Its time to get the facts correct on the movement of people across the Mediterranean - Dr Dallal Stevens
Dr Dallal Stevens is from the Law School at the University of Warwick and is an expert on refugee and asylum law.
She said:
"In an article in The Times newspaper today, 13 May 2015, entitled ‘EU is putting migrants at risk’, and in an interview on the BBC’s Today programme, the Home Secretary, Theresa May, made several claims regarding the European Commission’s proposals on how to address the ‘migration’ crisis in the Mediterranean. Unfortunately, a number of her points are inaccurate or misleading and are politicising a humanitarian crisis.
May states:
1) ‘We cannot do anything which encourages more people to make these perilous journeys – or which makes it easier for gangs responsible for their misery. That is why the UK will not participate in a mandatory system of resettlement or relocation.’
Resettlement will not encourage more people to travel to the EU. It will actually do the opposite. Resettlement is about taking some refugees from countries struggling to cope with refugee numbers, such as Jordan, Lebanon and Turkey, which are hosting nearly 4 million Syrian refugees; it is about meeting our international obligations and ensuring that refugees do not have to ‘make perilous journeys’. The UNHCR has called for 20,000 resettlement places per year for the whole of the EU by 2020. This is minimal in the context of the global need for resettlement. Germany has already offered to take 20,000 on its own. The UK has resettled only 143 to date.

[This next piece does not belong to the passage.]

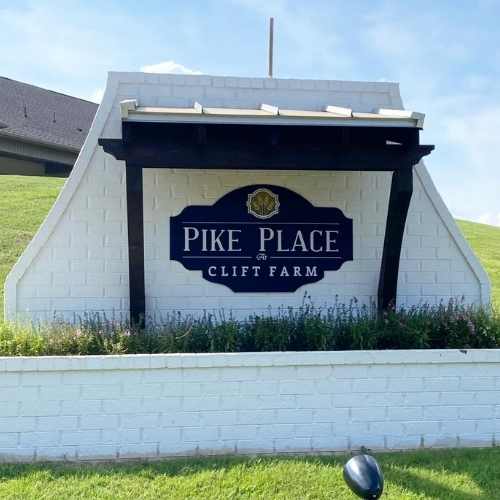 Pike Place Entrance Sign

2) ‘…we must – and will – resist calls for the mandatory relocation or resettlement of migrants across Europe.’
The Home Secretary makes the common mistake of confusing migrants with refugees. The plans do not propose resettling or relocating migrants. Migrants cannot be resettled – only refugees. The Commission is proposing two limbs: distributing asylum seekers who have reached the EU, who will then have their claim assessed, and resettling some refugees from outside the EU. In fact, the Commission’s proposal actually seek to improve return and removal of irregular migrants and refused asylum seekers.
3) ‘… we should use military, intelligence and crime fighting assets not only to deliver search and rescue mechanisms, but also to crack down on the traffickers who are putting people at risk.’
There has been much usage of the term ‘trafficker’ but there is a distinction in law between trafficking and smuggling. Human trafficking focuses on exploitation – for example, trafficking for sex or labour through force or fraud; human smuggling is concerned with transportation and the evasion of immigration laws. The vast majority of those crossing the Mediterranean would fall under the smuggling category. In any event, talk of smuggling and trafficking misses the point – a large percentage arriving in the EU from North Africa are refugees or have protection needs – for example, in 2014, 20% were Syrian.
4) ‘The majority of those arriving are often from nations such as Nigeria and Eritrea, where their lives are not at immediate risk.’
Eritreans are at risk. In 2014, in the UK, the largest number of asylum applications came from Eritreans and 87% were granted protection.
It is time for less politics and more accuracy when discussing asylum and migration."